When he started at Carter High School in 1994 - among the first black pupils to attend formerly white schools - he shone at Afrikaans. “That amazed my teachers and I'd get attention. You can imagine - the black guy who tops all the others in Afrikaans.”

Khoza's school memories are largely about being different. “At the coloured schools, I never felt I fitted in,” he says. Although he describes Carter High as “the best school led by one of South Africa's greatest”, he also struggled to belong. Back at home in Imbali, he had to contend with people ripping him off for being at a “white” school.

But it was at high school that Khoza discovered a talent for rapping, which tapped into his existing interest in poetry. He met classmate Mhlo Ntshangase, later known as Mylowe, who hailed from a musical family and shared many of his interests.

In 1998, their last year of high school, the duo was making songs. Rhyme 'n Reazon was formed and in 2000 recorded its first album, PMB style, with help from Mylowe's father.

At one stage, the group expanded to include local rapper Nash and Khoza's younger brother Siyanda, now known as Stylez, who is currently based in Johannesburg and has recently released an album. Together, they left their mark on the fledgling Pietermaritzburg hip-hop scene.

When he graduated, Khoza told his university lecturers he wouldn't be back until his music career was going well. Next year, he starts his honours degree in politics. In 2005, while doing an internship as a sociologist at the Department of Agriculture and Environmental Affairs, Khoza organised his biggest gig - Ngithol' ePhenduka Rapping in the ghetto - which drew hundreds of people to Imbali Stage One.

He has plans for another, bigger show in December. With the help of local author Mongezi Ngidi, he's hoping to publish his poetry collection and his album, PMB Poison, should be out by his birthday in May. Khoza's also been working on a Journal of PMB Rap, a historical record of the Pietermaritzburg rap scene. But reaching this point hasn't been easy. Khoza still flinches when he remembers his time at university, where his financial position was “perilous”.

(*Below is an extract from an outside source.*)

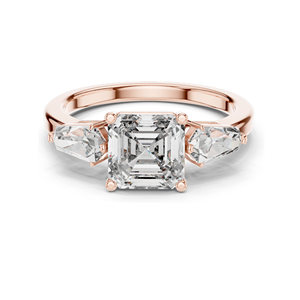 แหวนหมั้นเพชรทรง Asscher 3 เม็ด สำหรับผู้หญิง ความใส VVS-VS สี EF ทอง 18KT, 14KT, 10KT และเงิน 925 - Product Image 1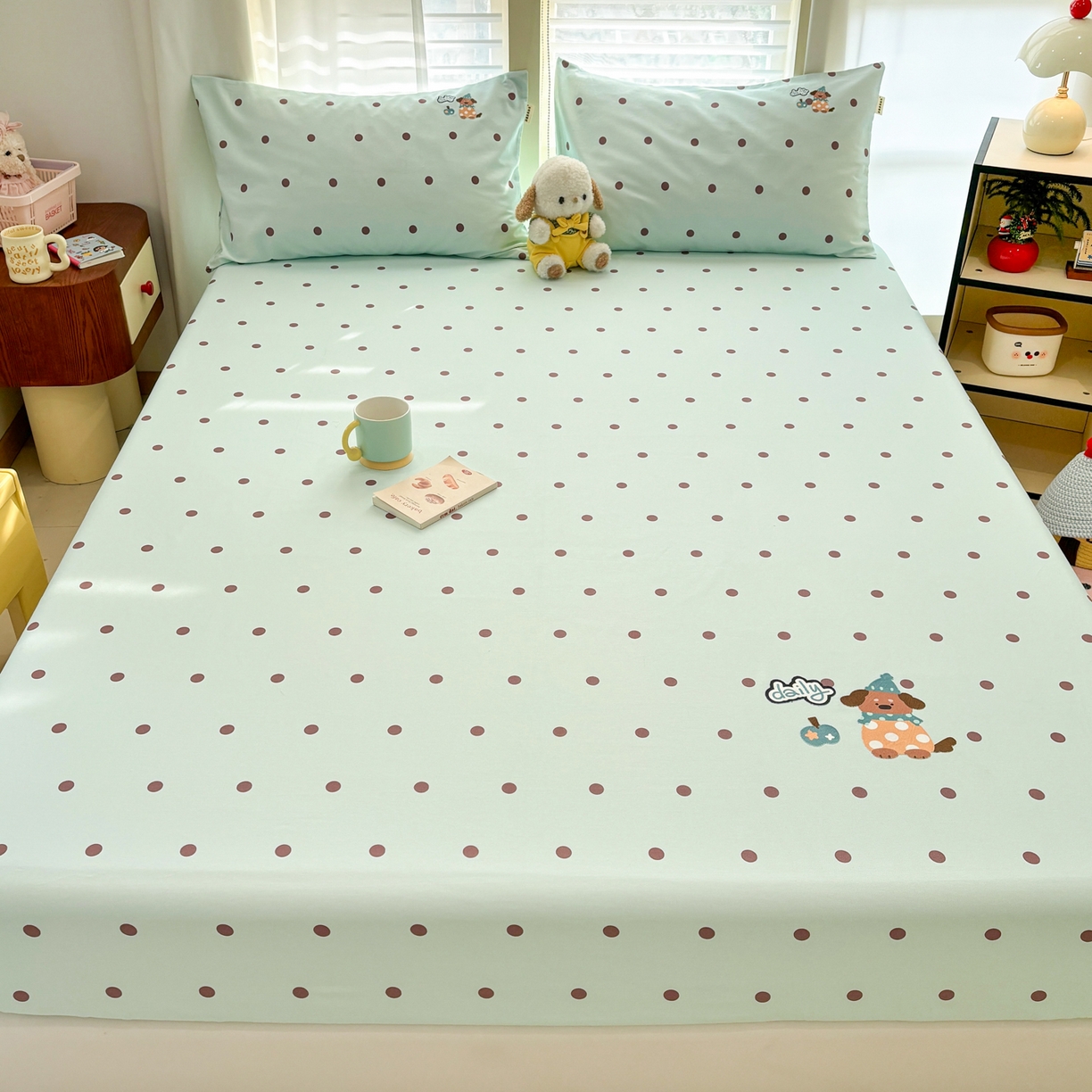 91家纺网 家纺一手货源 找家纺 卧趣家纺 2026新款全棉老粗布凉席席子床笠单件床笠单品单床笠绒布贴系列 心动汪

“There were times when I was nervous about going to tutorials because I might be thrown out for not having paid all my fees.” At the same time, he and Mylowe were grappling with the demands of fame after the recording of the album in 2000. Khoza dropped out for a semester. He returned to university in 2001, but two serious car accidents - the first involving his older brother Buhle in Johannesburg and then one involving himself and his mother at the start of 2003 - and a failed nightclub venture continued to set the family back financially.

With the help of his politics lecturer, Laurence Piper, he secured some part-time research work, continued his studies and finally graduated in 2004 with majors in politics and human resource management.

Today, Khoza works largely on his own, but draws on an international community of like-minded friends and musicians for support. He says fame took its toll on Rhyme 'n Reazon, stretching the bonds of friendship almost to breaking point. Following the group's collapse, word on the street was that, as an artist, he was finished. Even to Khoza, it seemed they might be right.

Then he met the late producer Skholiwe Tsukudu who recorded Khoza's EP A Taste of Poison. “Skho was encouraging about my commitment to Pietermaritzburg and the local hip-hop scene,” says Khoza. But there was still nowhere to perform. Then a campus-based poetry group called the Poetry And Urban Activism Society was formed. Once a week, the group met to share poetry and essays and to plan events. “It was life-changing,” says Khoza.

Now he applies his planning skills to organising gigs and balances his time carefully between his research work and music. “I've got economic pressures,” he says. “I'm the first in my immediate family with a degree, so there are expectations.”

When Khoza looks back over his still-young life, he says he's a better person for his experiences. “I'm not perfect. But I've been taught to make my own happiness, rather than pursue it.”